You can prove the inequality by using finite additivity and monotonicity; by monotonicity we mean that if $A\subset B$ , then $m^*(A)\leq m^*(B)$, and additivity means that if $A,B$ are disjoint, i.e., if $A\cap B$ is empty, them $m^*(A\cup B)=m^*(A)+ m^*(B)$. Then, given any $A,B$, you can "disjointize them" , i.e., you can find a pair of sets $A',B'$ so that $A',B'$ are disjoint, and $A\cup B=A'\cup B'$, (what we want is A'.B' disjoint., so that $m^*(A\cup B)=m^*(A'\cup B')$.)
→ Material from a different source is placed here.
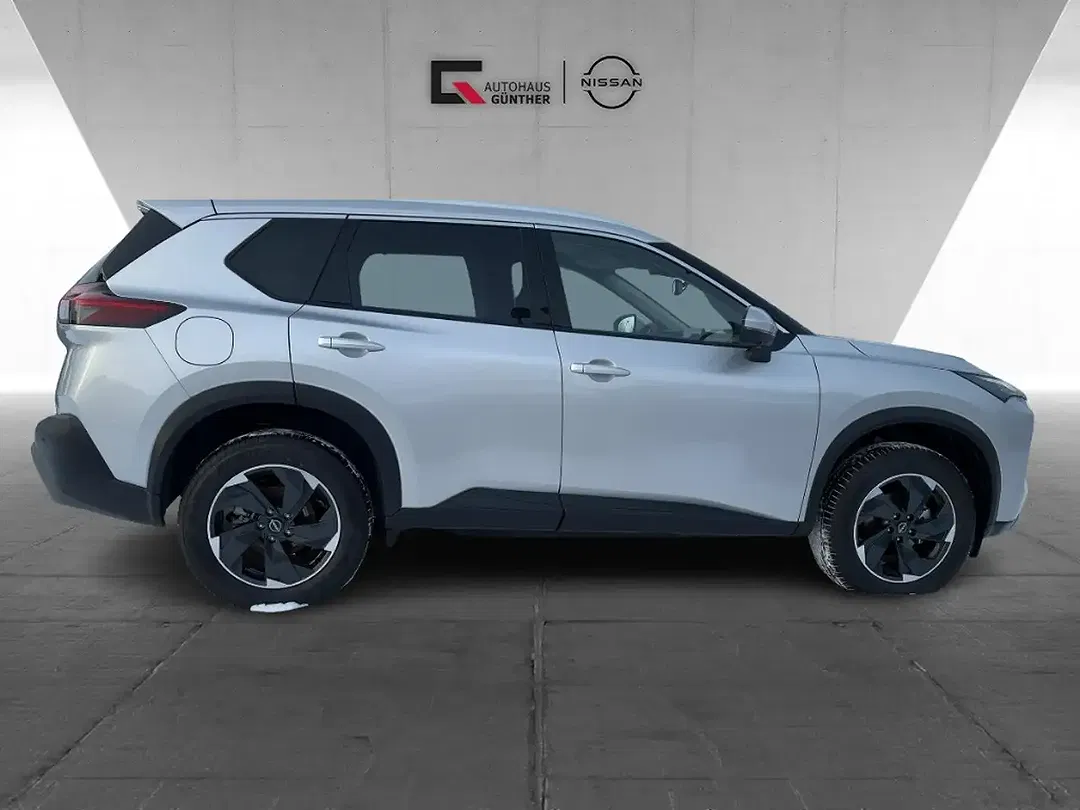 Nissan X-Trail - Thumbnail 4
Then the first , i.e., leftmost part of the inequality, $m^*(A)\leq m^*(A\cup B)$, follows by additivity of the measure, since $A\subset (A\cup B))$ (sorry, I don't know how to do non-strict inclusion ).
For the other part of the inequality, i.e., to show that $m^*(A\cup B) \leq m^*(A)+m^*(B) $ we can define sets A',B' as above, by just setting :$A':=A$, and $B':=B-A$ , where $'-'$ just means set complement. Then, since
$A',B'$ are disjoint, and $ A\cup B=A'\cup B'$, we have that $m^*(A\cup B)=m^*(A'\cup B')=m^*(A')+m^*(B'):=m^*(A)+m^*(B-A)$
We then have, by transitivity, that $m^*(A\cup B) \leq m^*(A)+m^*(B-A)$. (##)
Now, use the fact that $(B-A)\subset B$, so that, by monotonicity $m^*(B-A)\leq m^*(B)$ and we substitute this in (##) above , so that $m^*(A'\cup B')=m^*(A')+m^*(B')=m^*(A)+m^*(B-A)\leq m^*(A)+m^*(B-A) \leq m^*(A)+m^*(B)$, and we are
done.